Absolutely not. You are clearly Whisky Papa-ing.

Some supporters of the act initially CLAIMED they were reinstating tariffs to their late 1840's level but they were in fact selling a bill of goods. By the time it reached the senate even the bill's proponents were starting to admit that it was in fact a protectionist tariff. It hiked average rates to around 35% and then to 47% the next year.

A cheap and shallow misdirection to say the least. All tariffs had high points, particularly on books, which the south disdained and often burned on import.

and that the only reason it had been altered into producing deficits by the southern cotton crowd was as part of their conspiracy to trash the Union.

That too is false. The tariff in place by 1860 had been enacted in 1857 shortly before the recession of that year. The unanticipated end to the Crimean war during that year set international markets including food staples into turmoil causing the Panic of 1857 and with it deficits. Over the next three years the federal government failed to reign in its spending and instead, led by the republicans, accelerated it through line items. Thus by 1860 they were facing a budget crisis and by 1861 after Lincoln's election, a credit crisis.

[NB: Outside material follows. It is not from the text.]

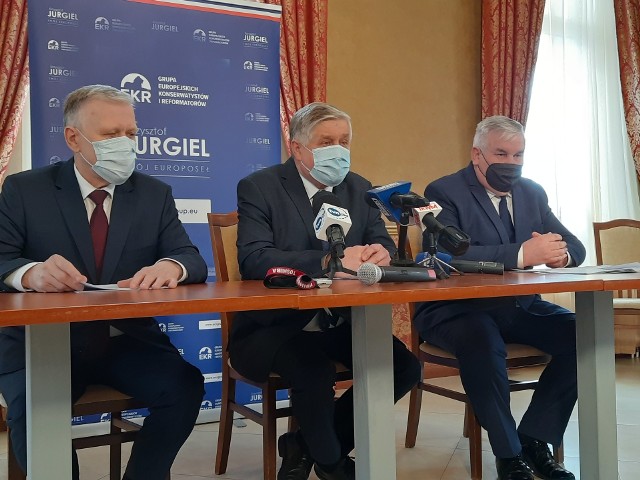 Konferencja prasowa europosła Krzysztofa Jurgiela (13.03.2021 r.).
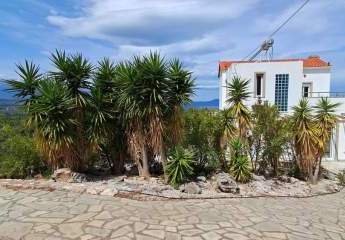 MIT VIDEO: Kreta, Kampia Chania: Moderne Villa mit 2 Schlafzimmern, Meerblick, Garage und Platz für einen Pool zum Verkauf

Another piece of foolish and insipid revisionism. The Congress before Lincoln was dominated by the South, as almost all Congress's prior to that time were. Any tariff the North ever put in place was quickly dismantled by the south. Tax opinions were never split cleanly on North/South lines.

As Alexander Stephens pointed out, there was simply no reason for the South to complain of the tariffs.

Stephens was in error and made that speech at a time when he was leading the fight against secession in Georgia. At the time he had been out of congress for over a year and was not a witness to the events of the Morrill tariff like his colleague Robert Toombs. Toombs accurately and early on identified the Morrill act as a protectionist measure and exposed that fact to public light.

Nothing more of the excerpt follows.